The copy must hold exactly the lines from the one with "Luster na sajli" through the end of the listing below, and nothing else, with no pictures.

:: Material for the task ::

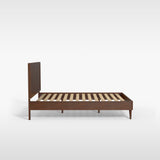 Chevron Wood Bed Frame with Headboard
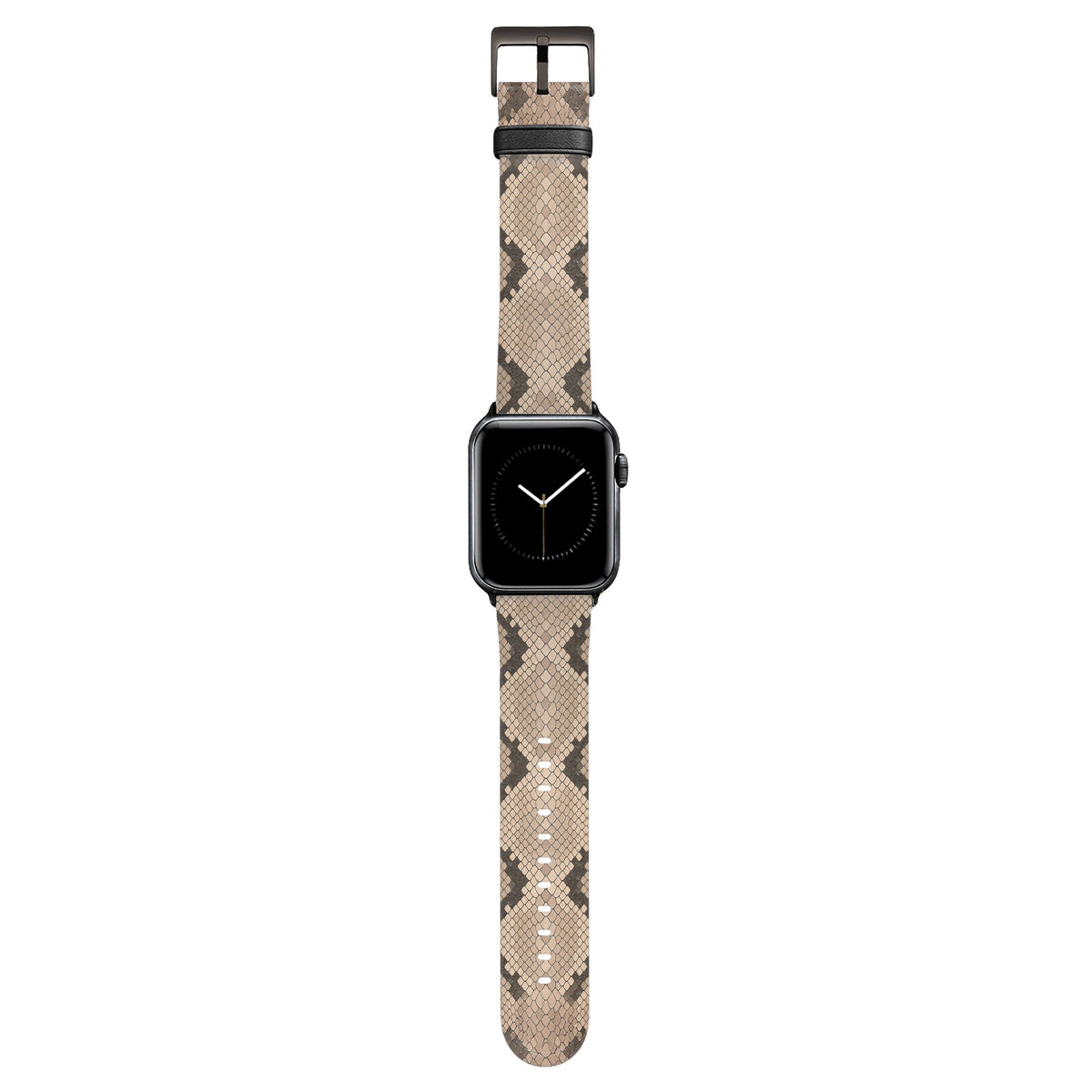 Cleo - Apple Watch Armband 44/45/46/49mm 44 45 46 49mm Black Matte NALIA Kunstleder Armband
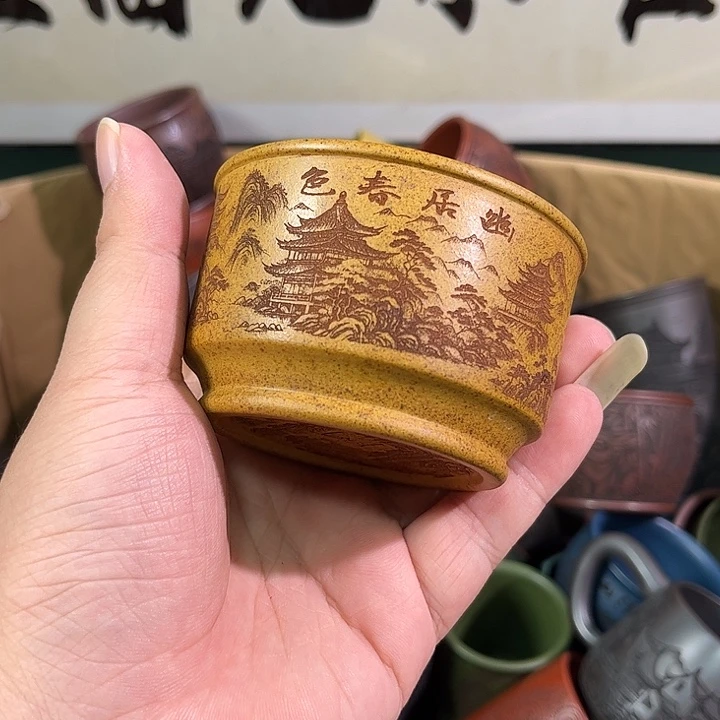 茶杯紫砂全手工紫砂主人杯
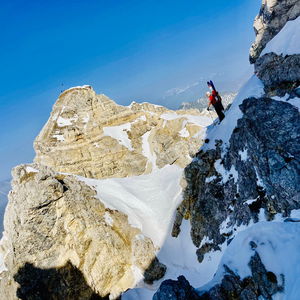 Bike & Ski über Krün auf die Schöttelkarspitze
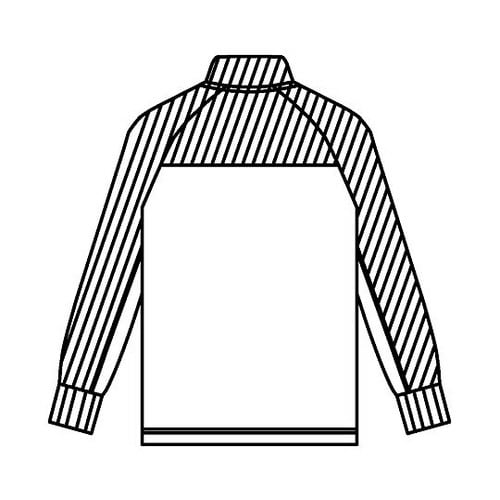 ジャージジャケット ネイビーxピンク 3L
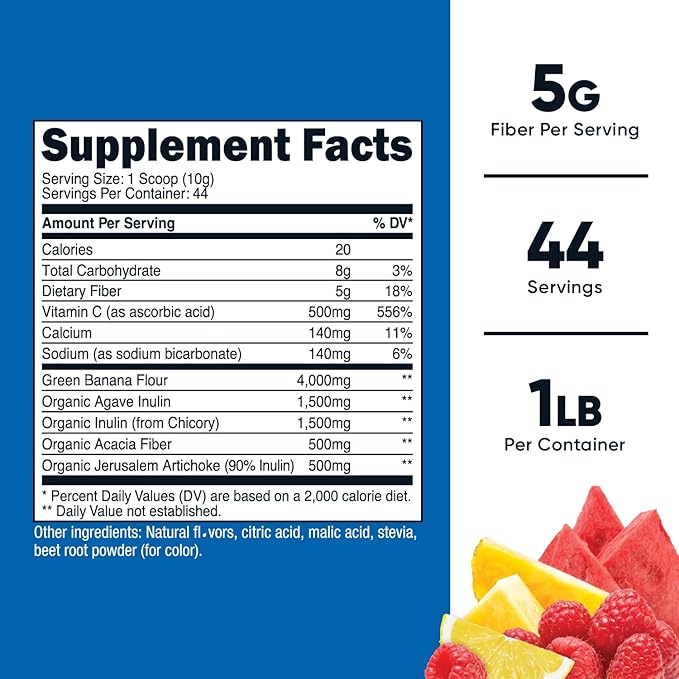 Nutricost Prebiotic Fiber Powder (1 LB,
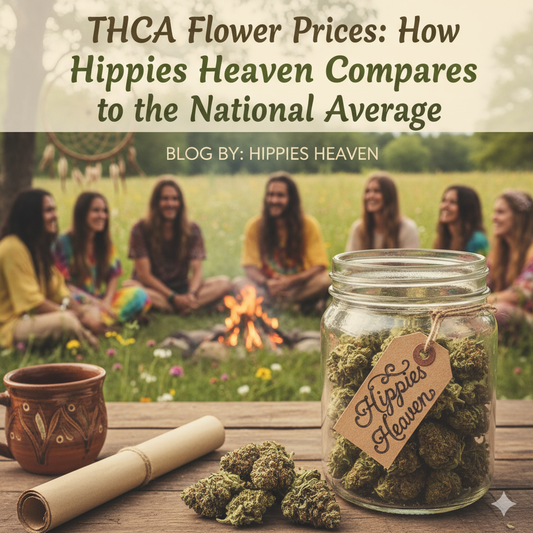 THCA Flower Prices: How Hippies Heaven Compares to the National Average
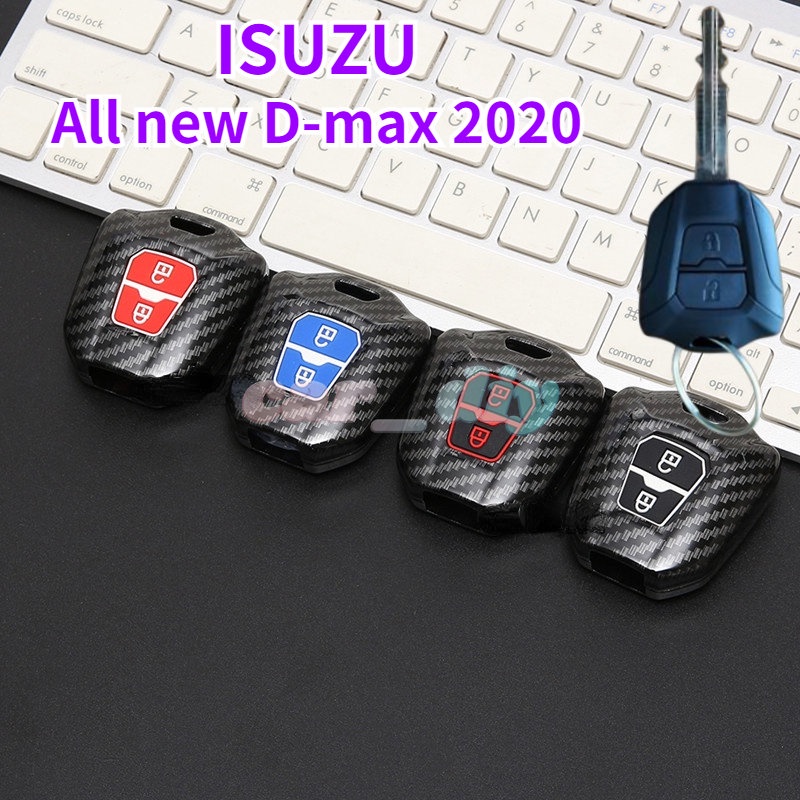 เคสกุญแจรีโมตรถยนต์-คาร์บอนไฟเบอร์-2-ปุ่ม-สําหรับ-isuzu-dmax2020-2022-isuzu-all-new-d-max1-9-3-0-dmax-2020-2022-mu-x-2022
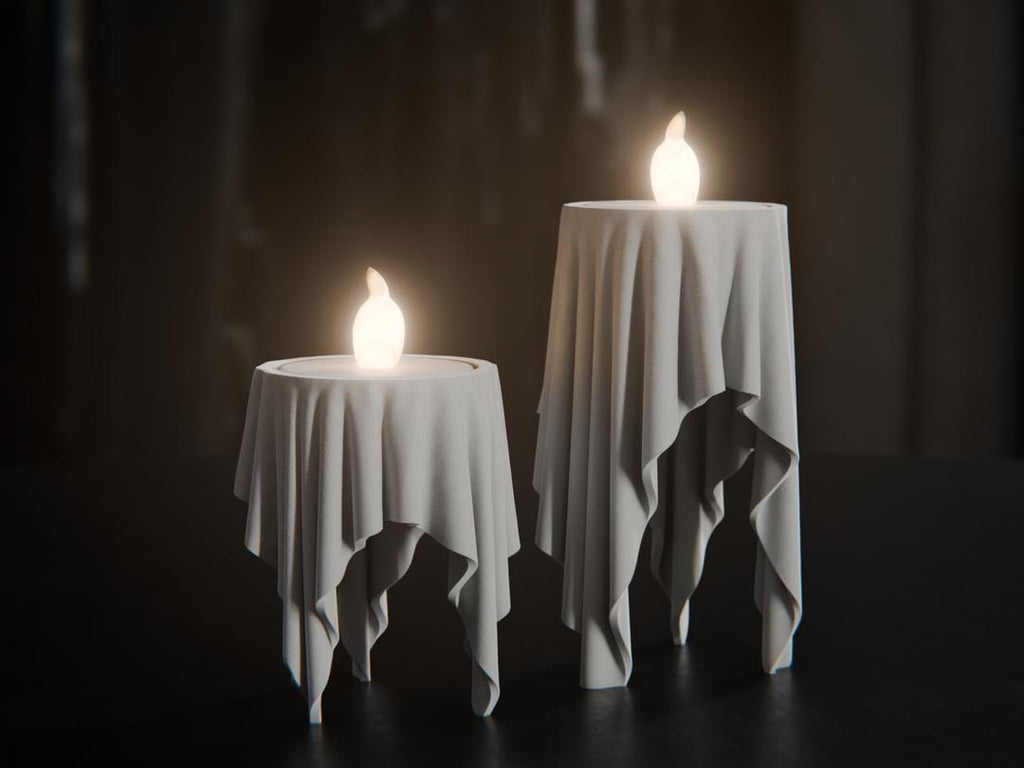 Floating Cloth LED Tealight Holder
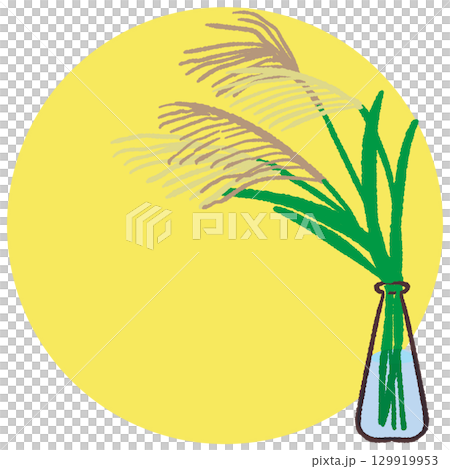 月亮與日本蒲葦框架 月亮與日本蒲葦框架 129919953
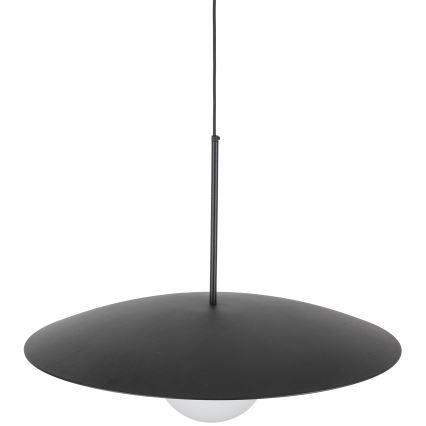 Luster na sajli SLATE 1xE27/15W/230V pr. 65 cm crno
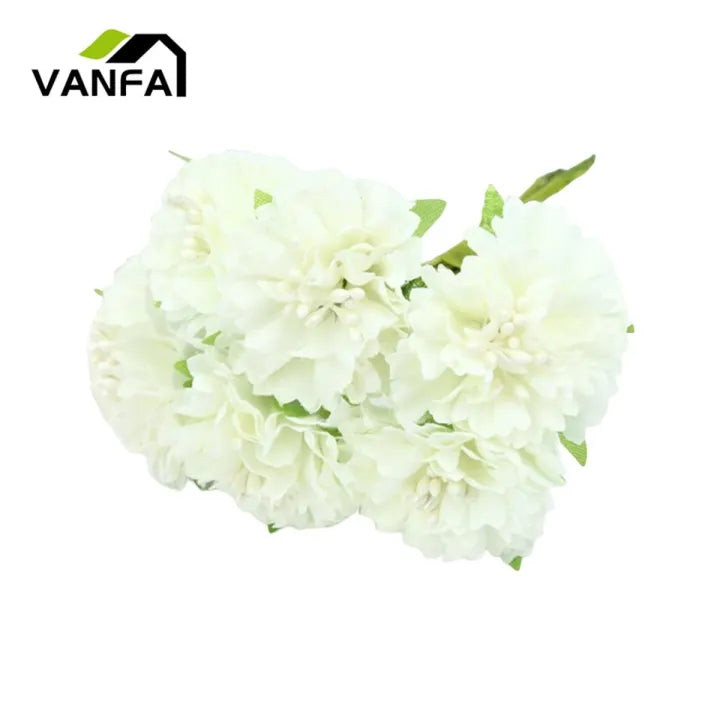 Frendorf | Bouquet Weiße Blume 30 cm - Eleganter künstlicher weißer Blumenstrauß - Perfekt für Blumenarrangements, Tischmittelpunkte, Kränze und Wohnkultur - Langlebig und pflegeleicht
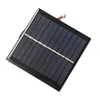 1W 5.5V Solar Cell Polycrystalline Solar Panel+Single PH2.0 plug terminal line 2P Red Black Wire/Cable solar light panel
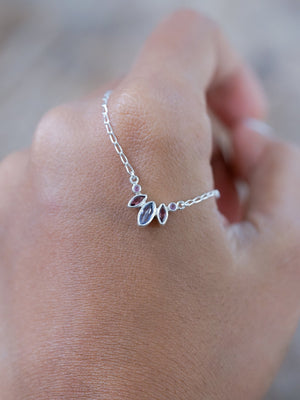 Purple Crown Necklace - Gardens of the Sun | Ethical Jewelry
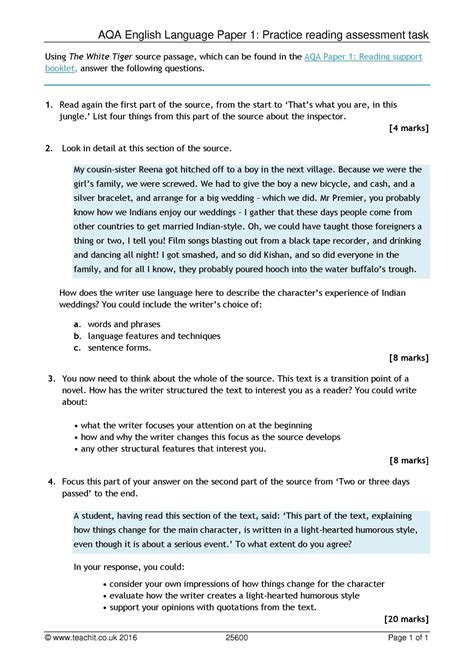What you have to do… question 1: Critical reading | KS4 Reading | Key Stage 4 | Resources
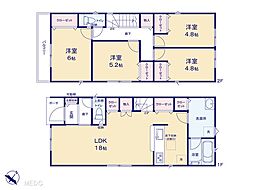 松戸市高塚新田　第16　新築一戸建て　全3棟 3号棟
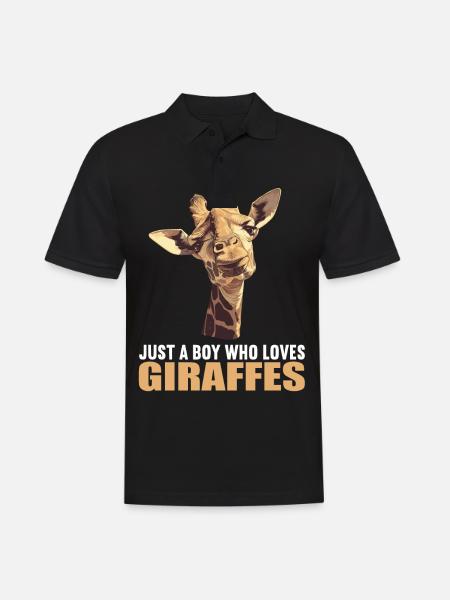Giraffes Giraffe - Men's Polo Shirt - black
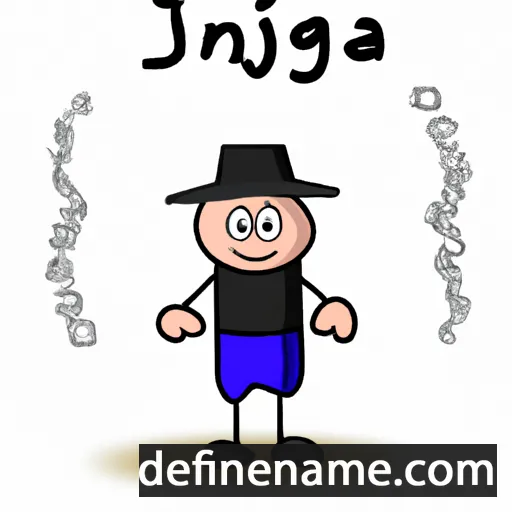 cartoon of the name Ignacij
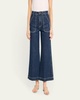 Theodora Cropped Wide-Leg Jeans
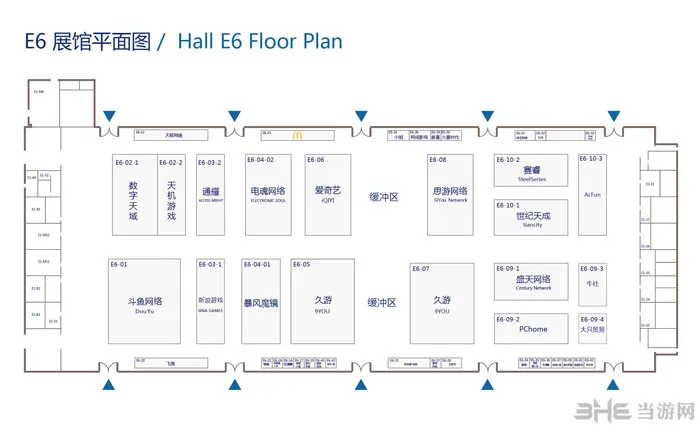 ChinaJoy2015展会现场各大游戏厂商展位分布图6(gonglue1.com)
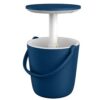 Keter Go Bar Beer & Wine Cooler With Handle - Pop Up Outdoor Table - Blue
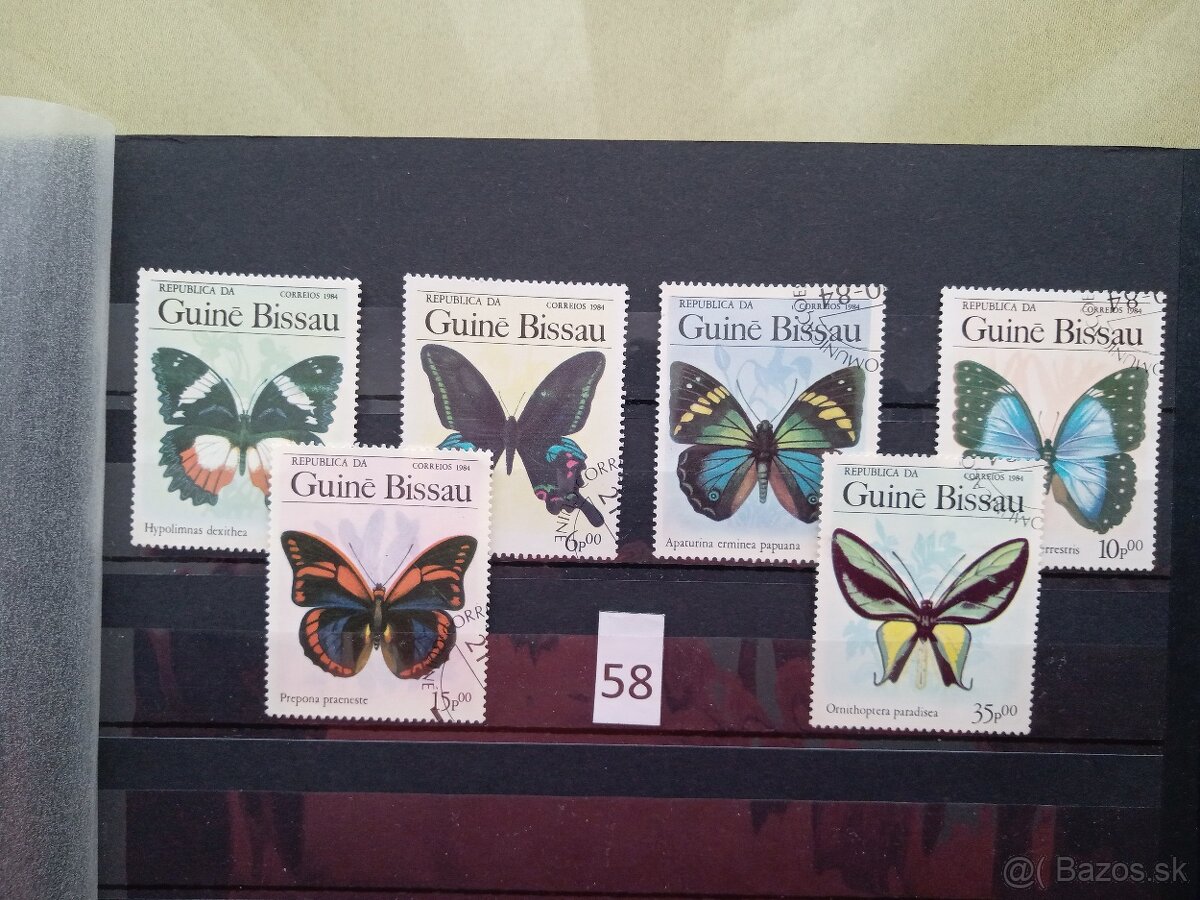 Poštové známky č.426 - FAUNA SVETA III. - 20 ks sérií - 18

:::

● Answer box
 Luster na sajli SLATE 1xE27/15W/230V pr. 65 cm crno
 Frendorf | Bouquet Weiße Blume 30 cm - Eleganter künstlicher weißer Blumenstrauß - Perfekt für Blumenarrangements, Tischmittelpunkte, Kränze und Wohnkultur - Langlebig und pflegeleicht
 1W 5.5V Solar Cell Polycrystalline Solar Panel+Single PH2.0 plug terminal line 2P Red Black Wire/Cable solar light panel
 Purple Crown Necklace - Gardens of the Sun | Ethical Jewelry
What you have to do… question 1: Critical reading | KS4 Reading | Key Stage 4 | Resources
 松戸市高塚新田　第16　新築一戸建て　全3棟 3号棟
Giraffes Giraffe - Men's Polo Shirt - black
 cartoon of the name Ignacij
 Theodora Cropped Wide-Leg Jeans
 ChinaJoy2015展会现场各大游戏厂商展位分布图6(gonglue1.com)
 Keter Go Bar Beer & Wine Cooler With Handle - Pop Up Outdoor Table - Blue
 Poštové známky č.426 - FAUNA SVETA III. - 20 ks sérií - 18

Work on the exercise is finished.